Pewnie oprzyjdzie taki dzien, ze poopowiadam wiecej o Bahrajnie, kuluturze tego kraju, ludziach tam mieszkajacych i tych co przyjezdzaja do pracy, walucie
i jedzeniu. Na dzisiaj koniec moich wypocin, na koniec powiem wszystkim, ze sa wakacje i LUDZIE PODROZUJCIE!
To nieprawda, ze trzeba do tego duzych pieniedzy i wolnego czasu, bo mozna pojechac nad Zalew Zeborzycki rowerem zobaczyc rozebranych kolesi w majtach prawie strongach i po roku czasu mieszkania w Bahrajnie sie zgorszyc...
ale chce powiedziec, ze wszedzie tam gdzie sa ludzie warto jezdzic i poznawac ich kulture inna mentalnosci, patrzec jakie maja oczy i co one mowia, to wszystko nas wzbogaca i daje inne spojrzenie na otaczajacy nas swiat, ludzi nam najblizszych i wlasne problemy, ktore moze nie sa takie duze jak nam sie wydaje...
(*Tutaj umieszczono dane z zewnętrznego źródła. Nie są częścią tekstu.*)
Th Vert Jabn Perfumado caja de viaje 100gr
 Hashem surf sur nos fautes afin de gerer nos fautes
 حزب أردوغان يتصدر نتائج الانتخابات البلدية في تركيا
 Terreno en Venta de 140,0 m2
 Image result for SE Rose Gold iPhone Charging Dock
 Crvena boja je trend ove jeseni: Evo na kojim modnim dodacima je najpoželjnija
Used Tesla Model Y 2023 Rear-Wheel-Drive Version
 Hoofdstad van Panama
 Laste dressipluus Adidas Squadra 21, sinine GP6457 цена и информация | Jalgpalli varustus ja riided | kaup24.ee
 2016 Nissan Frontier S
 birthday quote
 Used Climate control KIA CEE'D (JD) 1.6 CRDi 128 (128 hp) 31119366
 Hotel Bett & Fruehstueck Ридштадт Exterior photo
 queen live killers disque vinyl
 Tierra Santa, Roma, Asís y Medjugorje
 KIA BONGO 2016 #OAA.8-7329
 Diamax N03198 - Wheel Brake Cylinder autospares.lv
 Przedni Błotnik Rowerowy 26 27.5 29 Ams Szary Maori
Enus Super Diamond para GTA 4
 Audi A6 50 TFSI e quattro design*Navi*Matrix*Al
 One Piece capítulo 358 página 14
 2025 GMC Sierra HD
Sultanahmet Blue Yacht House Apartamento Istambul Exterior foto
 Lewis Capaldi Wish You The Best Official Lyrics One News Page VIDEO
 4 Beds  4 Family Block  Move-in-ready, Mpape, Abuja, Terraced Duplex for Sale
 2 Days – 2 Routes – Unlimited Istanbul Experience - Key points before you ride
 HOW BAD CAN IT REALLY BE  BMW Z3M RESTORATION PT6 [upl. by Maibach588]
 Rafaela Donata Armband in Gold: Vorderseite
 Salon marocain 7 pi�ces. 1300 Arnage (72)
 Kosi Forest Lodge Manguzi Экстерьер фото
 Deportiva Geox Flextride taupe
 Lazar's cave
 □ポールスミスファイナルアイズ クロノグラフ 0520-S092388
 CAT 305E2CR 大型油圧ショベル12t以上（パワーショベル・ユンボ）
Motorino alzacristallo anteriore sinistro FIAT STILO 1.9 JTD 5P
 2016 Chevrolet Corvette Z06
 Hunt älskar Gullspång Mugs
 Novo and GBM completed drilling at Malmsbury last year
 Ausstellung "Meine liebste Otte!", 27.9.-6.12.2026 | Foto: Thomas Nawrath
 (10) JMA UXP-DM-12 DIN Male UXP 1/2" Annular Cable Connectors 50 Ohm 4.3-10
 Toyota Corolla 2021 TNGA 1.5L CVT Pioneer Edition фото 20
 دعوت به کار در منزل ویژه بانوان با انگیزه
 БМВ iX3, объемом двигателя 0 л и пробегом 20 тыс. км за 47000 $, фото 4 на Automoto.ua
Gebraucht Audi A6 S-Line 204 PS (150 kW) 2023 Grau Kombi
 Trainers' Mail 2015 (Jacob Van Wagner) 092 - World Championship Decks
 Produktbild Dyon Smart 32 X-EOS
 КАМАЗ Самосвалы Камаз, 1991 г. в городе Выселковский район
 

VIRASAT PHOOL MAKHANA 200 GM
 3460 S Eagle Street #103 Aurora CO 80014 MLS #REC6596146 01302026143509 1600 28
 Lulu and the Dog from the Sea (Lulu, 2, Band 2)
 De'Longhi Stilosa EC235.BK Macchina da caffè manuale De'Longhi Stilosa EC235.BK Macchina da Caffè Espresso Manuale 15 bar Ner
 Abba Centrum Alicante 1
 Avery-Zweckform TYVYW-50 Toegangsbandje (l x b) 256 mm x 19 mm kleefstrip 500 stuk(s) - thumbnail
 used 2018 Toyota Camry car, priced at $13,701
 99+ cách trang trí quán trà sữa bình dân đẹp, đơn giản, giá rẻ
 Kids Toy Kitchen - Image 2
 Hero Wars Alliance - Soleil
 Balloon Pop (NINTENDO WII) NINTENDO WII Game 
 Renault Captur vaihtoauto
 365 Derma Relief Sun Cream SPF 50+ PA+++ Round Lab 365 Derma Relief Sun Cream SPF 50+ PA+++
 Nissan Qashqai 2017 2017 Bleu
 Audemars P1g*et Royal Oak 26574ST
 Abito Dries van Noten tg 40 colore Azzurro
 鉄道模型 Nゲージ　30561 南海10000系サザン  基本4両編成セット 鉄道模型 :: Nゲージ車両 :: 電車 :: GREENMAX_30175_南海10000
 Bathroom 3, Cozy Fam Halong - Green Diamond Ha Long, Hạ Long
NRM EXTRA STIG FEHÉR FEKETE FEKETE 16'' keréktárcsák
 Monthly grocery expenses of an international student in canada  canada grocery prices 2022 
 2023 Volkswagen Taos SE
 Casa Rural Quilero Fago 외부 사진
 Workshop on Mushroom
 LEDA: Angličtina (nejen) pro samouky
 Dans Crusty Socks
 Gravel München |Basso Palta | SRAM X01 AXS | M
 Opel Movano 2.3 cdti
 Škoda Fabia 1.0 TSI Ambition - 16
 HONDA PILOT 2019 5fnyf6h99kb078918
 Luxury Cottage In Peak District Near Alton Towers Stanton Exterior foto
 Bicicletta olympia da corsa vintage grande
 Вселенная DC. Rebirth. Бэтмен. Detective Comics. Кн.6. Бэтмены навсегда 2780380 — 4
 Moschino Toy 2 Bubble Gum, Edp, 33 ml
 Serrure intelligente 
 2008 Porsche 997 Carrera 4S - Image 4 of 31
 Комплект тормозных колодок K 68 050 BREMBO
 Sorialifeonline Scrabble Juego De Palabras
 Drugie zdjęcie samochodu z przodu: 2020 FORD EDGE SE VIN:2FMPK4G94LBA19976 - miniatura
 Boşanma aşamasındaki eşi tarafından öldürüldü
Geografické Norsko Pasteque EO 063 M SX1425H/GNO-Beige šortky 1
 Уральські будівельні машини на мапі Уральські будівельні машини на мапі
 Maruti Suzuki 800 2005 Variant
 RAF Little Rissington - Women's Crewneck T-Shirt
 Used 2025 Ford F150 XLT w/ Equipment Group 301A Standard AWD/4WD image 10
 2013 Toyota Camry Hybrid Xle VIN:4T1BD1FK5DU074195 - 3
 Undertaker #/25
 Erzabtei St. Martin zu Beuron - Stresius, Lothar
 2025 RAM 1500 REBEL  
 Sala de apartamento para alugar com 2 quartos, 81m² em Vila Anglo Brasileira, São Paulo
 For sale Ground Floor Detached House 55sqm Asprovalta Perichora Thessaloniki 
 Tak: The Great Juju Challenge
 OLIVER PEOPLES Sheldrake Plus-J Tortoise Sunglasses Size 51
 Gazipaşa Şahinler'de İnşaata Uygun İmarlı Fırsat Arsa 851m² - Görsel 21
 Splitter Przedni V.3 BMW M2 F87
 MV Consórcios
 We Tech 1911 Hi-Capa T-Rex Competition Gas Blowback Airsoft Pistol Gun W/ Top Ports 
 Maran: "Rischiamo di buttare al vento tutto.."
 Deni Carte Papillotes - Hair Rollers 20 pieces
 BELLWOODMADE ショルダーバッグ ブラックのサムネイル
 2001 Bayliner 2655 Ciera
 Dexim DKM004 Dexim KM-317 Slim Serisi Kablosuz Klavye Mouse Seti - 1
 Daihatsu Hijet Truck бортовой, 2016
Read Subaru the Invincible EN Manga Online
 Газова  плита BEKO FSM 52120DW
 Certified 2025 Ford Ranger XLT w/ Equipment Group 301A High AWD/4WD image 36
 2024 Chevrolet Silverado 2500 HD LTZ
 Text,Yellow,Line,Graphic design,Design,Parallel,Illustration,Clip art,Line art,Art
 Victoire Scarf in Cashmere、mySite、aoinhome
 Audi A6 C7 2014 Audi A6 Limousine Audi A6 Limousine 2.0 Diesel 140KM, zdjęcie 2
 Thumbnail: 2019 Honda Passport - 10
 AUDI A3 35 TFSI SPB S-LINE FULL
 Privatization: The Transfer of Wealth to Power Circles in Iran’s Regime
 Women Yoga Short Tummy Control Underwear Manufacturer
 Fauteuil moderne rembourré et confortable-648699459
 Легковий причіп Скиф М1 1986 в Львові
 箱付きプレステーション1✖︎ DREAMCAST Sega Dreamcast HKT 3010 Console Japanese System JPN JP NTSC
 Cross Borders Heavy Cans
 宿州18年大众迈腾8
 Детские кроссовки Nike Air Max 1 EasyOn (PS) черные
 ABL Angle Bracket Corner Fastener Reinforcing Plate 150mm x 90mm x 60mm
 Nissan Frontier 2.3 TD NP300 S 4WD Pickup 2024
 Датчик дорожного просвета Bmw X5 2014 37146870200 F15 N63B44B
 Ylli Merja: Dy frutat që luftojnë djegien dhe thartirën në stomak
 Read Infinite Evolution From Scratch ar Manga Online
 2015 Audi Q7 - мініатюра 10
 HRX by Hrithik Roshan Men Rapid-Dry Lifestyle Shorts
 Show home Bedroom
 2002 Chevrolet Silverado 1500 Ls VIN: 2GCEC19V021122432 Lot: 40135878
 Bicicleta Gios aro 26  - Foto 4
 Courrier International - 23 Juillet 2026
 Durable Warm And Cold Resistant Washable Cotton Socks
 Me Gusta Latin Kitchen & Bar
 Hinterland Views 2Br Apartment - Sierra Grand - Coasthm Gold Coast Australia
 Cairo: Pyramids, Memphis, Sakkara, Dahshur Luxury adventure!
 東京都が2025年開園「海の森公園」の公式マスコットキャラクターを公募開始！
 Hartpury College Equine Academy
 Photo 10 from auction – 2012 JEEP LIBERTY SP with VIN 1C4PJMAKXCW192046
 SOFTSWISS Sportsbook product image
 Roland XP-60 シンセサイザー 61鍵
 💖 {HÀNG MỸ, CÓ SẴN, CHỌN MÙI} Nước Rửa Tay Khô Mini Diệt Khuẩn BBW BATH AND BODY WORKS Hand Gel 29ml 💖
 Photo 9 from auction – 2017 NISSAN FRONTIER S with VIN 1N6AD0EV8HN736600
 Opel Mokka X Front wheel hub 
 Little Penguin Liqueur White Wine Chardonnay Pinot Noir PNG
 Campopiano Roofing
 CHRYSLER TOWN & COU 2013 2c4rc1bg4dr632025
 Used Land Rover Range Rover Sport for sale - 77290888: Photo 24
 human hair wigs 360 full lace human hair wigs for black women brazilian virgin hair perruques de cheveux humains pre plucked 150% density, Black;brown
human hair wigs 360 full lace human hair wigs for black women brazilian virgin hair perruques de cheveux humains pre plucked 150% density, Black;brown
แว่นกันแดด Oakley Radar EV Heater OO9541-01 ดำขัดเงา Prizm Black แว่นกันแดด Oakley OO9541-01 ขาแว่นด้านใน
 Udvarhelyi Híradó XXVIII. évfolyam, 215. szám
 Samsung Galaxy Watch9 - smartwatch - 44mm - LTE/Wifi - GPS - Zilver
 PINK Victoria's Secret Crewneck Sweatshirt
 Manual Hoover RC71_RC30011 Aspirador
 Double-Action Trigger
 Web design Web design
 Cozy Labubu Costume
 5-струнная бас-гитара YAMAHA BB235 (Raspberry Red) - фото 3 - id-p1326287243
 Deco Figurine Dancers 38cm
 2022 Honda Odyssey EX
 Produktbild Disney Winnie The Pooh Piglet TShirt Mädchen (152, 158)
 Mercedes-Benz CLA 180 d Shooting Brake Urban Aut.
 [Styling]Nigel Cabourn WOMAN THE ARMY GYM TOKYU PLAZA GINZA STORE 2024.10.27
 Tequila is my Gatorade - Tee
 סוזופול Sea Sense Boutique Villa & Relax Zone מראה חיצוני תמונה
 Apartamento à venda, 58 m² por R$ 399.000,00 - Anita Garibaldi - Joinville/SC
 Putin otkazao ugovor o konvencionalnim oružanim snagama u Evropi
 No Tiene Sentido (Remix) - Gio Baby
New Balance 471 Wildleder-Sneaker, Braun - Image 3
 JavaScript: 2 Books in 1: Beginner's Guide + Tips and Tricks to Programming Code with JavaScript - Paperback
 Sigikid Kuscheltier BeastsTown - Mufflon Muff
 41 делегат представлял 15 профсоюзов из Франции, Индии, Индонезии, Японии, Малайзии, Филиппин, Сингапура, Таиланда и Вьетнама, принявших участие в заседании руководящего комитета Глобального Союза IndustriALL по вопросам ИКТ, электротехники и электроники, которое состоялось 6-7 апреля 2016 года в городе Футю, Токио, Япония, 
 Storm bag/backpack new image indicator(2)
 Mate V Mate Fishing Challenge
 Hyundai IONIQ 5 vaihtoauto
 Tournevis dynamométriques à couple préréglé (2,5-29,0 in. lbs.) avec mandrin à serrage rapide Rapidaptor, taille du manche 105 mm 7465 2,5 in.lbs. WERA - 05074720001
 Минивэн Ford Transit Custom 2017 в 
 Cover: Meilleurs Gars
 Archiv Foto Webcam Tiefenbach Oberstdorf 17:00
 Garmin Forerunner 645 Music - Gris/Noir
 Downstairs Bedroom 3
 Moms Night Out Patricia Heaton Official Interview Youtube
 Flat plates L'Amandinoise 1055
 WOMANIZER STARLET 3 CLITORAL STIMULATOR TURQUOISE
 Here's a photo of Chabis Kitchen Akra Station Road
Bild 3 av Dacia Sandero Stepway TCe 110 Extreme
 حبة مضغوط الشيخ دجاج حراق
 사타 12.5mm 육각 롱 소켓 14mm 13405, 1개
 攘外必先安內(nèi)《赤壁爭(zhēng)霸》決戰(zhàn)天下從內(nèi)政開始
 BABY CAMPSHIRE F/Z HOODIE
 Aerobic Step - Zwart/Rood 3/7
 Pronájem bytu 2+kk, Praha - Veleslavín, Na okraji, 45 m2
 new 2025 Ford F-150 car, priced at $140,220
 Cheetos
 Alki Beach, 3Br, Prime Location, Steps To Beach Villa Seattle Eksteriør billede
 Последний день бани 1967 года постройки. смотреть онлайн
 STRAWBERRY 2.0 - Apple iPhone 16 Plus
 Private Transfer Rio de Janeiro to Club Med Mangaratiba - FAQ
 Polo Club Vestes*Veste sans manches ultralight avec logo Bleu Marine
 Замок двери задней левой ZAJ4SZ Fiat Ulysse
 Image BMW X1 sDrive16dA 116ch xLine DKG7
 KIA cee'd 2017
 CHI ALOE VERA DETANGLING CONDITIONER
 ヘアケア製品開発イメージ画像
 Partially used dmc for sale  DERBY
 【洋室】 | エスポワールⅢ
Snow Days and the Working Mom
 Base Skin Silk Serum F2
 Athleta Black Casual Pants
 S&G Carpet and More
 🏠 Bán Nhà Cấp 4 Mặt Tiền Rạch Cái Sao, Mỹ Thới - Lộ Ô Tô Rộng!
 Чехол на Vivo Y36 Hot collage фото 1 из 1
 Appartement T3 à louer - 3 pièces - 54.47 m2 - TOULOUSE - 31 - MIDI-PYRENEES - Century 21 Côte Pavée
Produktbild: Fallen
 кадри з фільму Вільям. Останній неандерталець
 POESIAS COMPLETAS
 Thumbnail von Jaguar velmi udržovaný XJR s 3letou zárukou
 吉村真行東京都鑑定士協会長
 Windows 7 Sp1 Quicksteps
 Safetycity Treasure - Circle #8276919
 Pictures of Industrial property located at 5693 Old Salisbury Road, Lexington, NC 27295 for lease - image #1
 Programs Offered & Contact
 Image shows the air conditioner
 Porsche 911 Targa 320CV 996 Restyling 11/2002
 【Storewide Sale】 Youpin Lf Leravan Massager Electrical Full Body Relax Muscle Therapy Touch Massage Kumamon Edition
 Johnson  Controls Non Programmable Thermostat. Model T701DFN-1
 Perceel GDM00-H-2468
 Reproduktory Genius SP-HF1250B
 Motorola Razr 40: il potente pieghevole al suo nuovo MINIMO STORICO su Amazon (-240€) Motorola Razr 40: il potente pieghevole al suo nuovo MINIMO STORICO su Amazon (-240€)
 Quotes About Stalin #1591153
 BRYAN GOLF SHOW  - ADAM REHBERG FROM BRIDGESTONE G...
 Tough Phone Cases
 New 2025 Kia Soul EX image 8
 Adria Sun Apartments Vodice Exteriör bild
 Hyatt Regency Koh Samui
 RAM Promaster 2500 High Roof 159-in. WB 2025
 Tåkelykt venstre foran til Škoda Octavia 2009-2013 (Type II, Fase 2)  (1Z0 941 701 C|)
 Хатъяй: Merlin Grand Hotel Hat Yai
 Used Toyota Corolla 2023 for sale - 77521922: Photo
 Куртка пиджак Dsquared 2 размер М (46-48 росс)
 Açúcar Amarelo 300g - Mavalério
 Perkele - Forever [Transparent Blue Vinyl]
aha fajnie tez jest zamiast 5gwiazdkowych hoteli z plazma na scianie co tylko czas zabiera pojechac za te same pieniadze na koniec swiata, zaplacic tylko za bilet lotniczy i wynajac serio za kilka dolarow za dzien przewodnika i spac w indonezyjskiej dzungli, niech dzien i noc wyznacza nam rytm zycia przez moment, a widoki wiszacych na drzewach goryli, albo dzieciakow nagich z wioski kapiacych sie w brudnej rzece na pewno beda dla nas cenniejsza pamiatka niz zdjecie zrobione pod pieknie przystrzyzona palma na idealnie bialym lezaku przykrytym recznikiem z napisem Sheraton...
Ja goryli w dzungli w Indonezji jeszcze nie widzialam, za to te dzieci o ktorych wspomnialam zrobily na mnie ogromne wrazenie, a "zimnych" hotelii narazie mam dosyc!